Do all these rules about thesis statements hold the same about topic sentences as well?
Linda responds: Wow, Kim, I'm impressed that a high school sophomore even knows about those writing issues. Many of my college students would have difficulty with the concepts you are discussing.
Your use of the phrase a call to action tells me you are planning to write a persuasive essay. Your gut feeling that the call-to-action and the thesis statement somehow belong together in a persuasive essay is pretty much on target. Let's see if I can clarify the concept of the thesis statement within the context of a persuasive essay.
The thesis statement of an essay establishes its purpose, content, and tone. When you are writing a persuasive essay, your purpose is to convince some people to do, to think, or to believe something, right? Since the working thesis is for you alone (your readers don't see the working version) and you already know what action you want your readers to take on your issue, all you really need to do in your working thesis is indicate who your target audience is. Perhaps some examples might help.
This morning at 6 when I started work, kids in this area were getting ready to go stand in the dark in temperatures below 20 degrees to wait for the school bus. The reason they are shivering in the dark is that Congress mandated daylight savings time start on March 13 this year to save energy.
If I thought that is a dumb law (which I do), I might write an essay about daylight savings time. I could prepare a working thesis like one of these:
- Daylight savings time creates hardships for students.
- Daylight savings time does not save energy.
- Daylight savings time should not begin earlier than May 1.
Of those working thesis statements, numbers 1 and 2 suggest a straightforward thesis-and-support essay. People might be convinced that your thesis is true, but unless a reader happens to chair the Joint Committee on Stupid Legislation, there's no reason to think a persuaded reader will do anything.
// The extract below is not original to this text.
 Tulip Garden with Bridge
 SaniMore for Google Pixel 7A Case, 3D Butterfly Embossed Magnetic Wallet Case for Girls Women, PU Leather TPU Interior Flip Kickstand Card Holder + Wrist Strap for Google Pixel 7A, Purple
Number 3, however, is somewhat different. It suggests that somebody ought to take action, but it doesn't say who that somebody is. We could modify that third statement to specify
who needs to change the daylight savings time date. That would give a working thesis statement like this: Congress should not set daylight savings time to begin earlier than May 1. You might not see that as a call to action because it does not specify what precisely what you want Representative Bill Mangler to do. It does, however, indicate
who needs to take action to achieve the outcome you want.
When I plan the essay, I use a
writing skeleton™ that
links the thesis to a reason statement. Since the thesis statement implies the call to action, a topic sentence automatically implys it as well.
Again, remember that we're just talking here about
planning the essay. When you compose the essay, you don't need to put the thesis statement or the topic sentences into the essay word-for-word as you wrote them in your plan. The plan is just to help you keep on track.
Thanks for sharing your questions, Kim. It is exciting to see a student as young as you developing good writing intuitions. My hat is off to your teachers.